Companion’s cost-of-ownership advantages extend beyond those linked directly to sustainability. The conventional add-on device requires dedicated equipment to mount the safety mechanism on an already-filled syringe. That capital expenditure is not needed with Companion. Additionally, ongoing operational savings also result from the following:
- Any build-up of scrap associated with the add-on assembly machine includes an already filled syringe. The disposal or rework of that scrap, which includes the drug product, is costly. This expense is eliminated with Companion.
- For every pallet of syringes that will be paired with an add-on device, there will be an additional pallet of add-on devices. The expenses associated with the storage and material transport of the additional pallets are eliminated.
- When the add-on safety mechanism prematurely activates during transit or preparation, the medication cannot be injected, which is the ultimate failure of a drug delivery device. The cost of these complaints and associated customer dissatisfaction is eliminated with Companion because its mechanism of action dictates the needle cannot retract until the plunger rod has reached the bottom of the barrel.
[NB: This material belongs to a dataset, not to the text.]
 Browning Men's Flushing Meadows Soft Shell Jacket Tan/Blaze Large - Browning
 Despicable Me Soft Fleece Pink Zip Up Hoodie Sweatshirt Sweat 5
INNOVATION EXTENDS BEYOND PRODUCT & INTO MANUFACTURING
With breakthrough products that will positively impact the drug delivery ecosystem, a robust manufacturing strategy is also required to support the production. The manufacturing strategy requires an ability to deliver a manufacturing solution that is optimized to what at times can be seen as conflicting requirements. Production of the Companion and Dual Chamber Syringe Systems requires the ability to assemble with extreme precision, allow for continued refinement of the medical device, have the ability to accommodate a wide range of variants, but be capable of manufacturing to scale. Credence partnered with
Mikron, an industry innovator for scalable and customizable assembly solutions, for this unique challenge (Figure 3).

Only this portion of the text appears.